PROBLEM REQUIREMENTS
Could you write out, exactly, every line from the top of the data through the line holding "CHARLO Pink Floral Top Size 10"? Omit the pictures.

DATA EXCERPT
=== Section Start ===
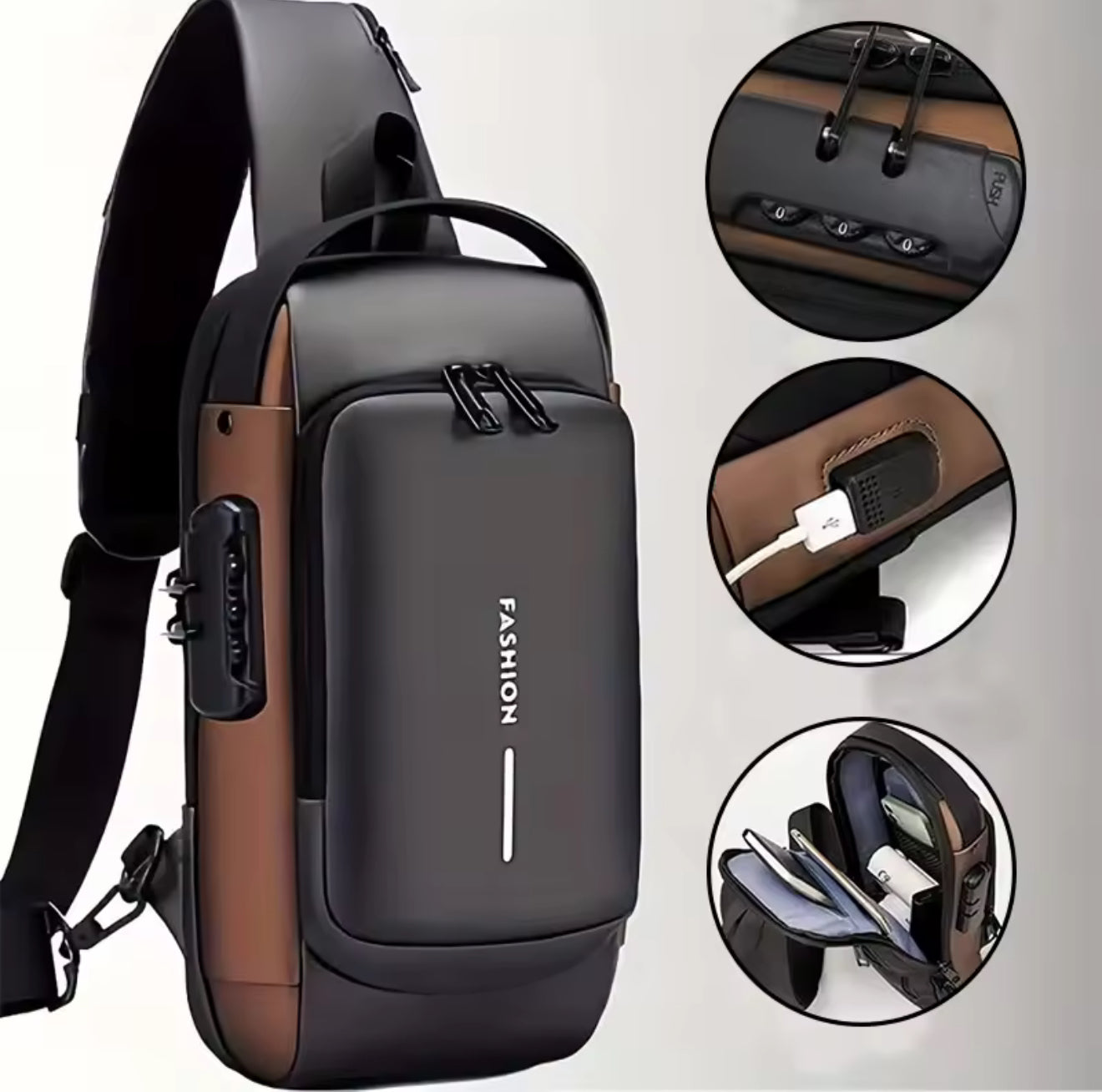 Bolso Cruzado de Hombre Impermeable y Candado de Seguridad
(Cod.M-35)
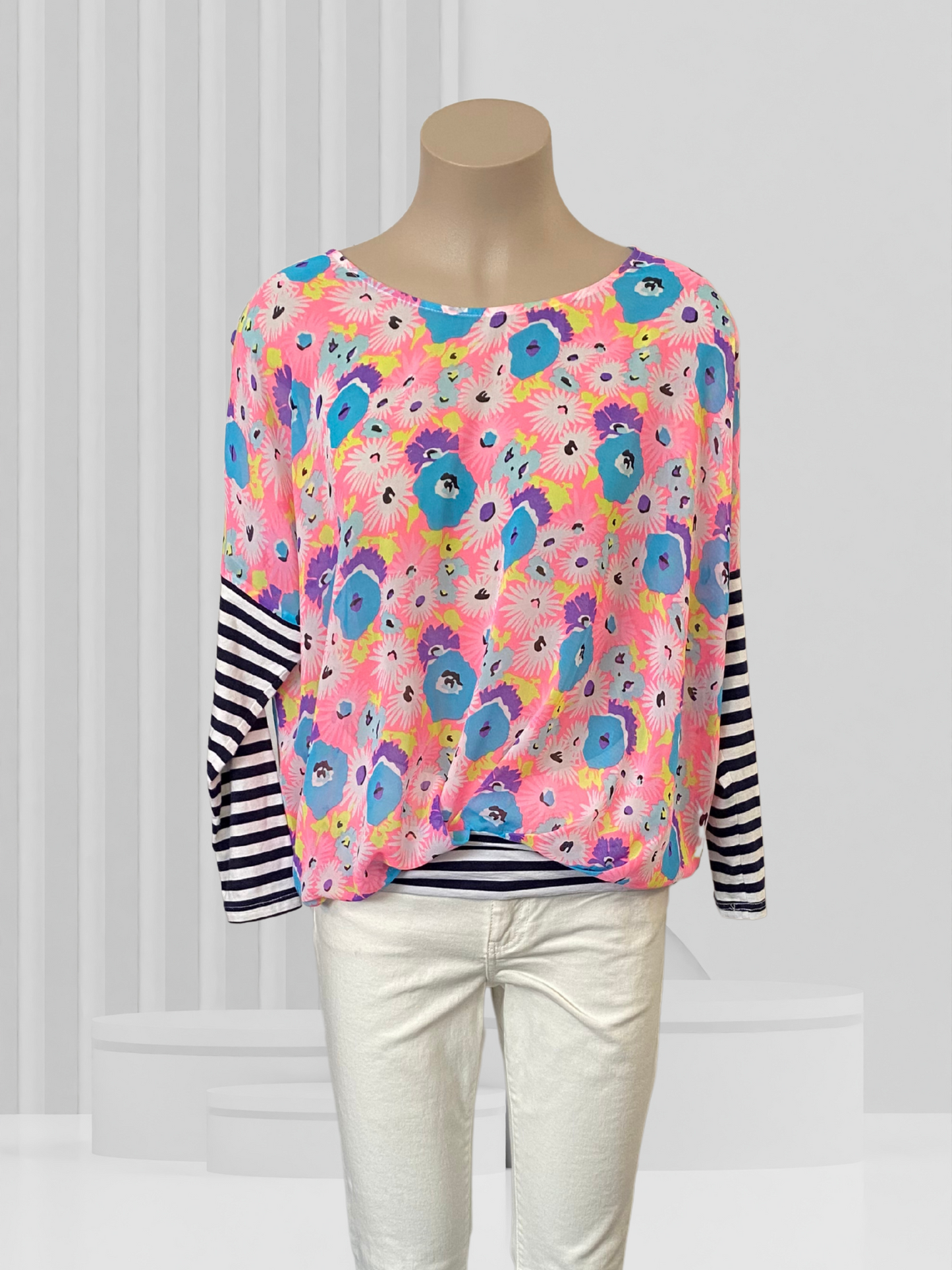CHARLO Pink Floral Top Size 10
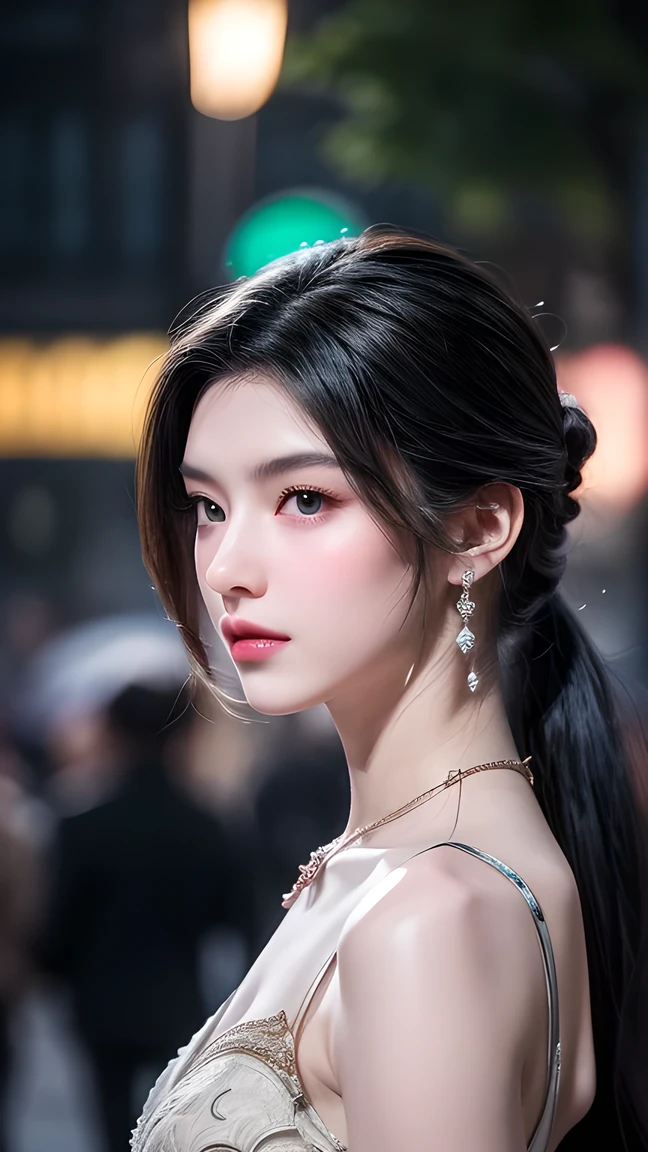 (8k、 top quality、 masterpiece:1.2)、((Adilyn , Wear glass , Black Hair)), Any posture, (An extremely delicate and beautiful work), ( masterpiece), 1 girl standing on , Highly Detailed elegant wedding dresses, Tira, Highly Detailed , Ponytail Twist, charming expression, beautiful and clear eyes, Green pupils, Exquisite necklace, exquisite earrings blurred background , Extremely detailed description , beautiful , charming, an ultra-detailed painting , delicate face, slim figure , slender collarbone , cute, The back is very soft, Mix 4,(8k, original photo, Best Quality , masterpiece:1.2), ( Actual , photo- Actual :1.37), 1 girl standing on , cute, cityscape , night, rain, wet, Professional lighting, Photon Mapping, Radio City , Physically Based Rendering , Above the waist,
=== Section End ===
REPLY TO THE TASK
 Bolso Cruzado de Hombre Impermeable y Candado de Seguridad
(Cod.M-35)
CHARLO Pink Floral Top Size 10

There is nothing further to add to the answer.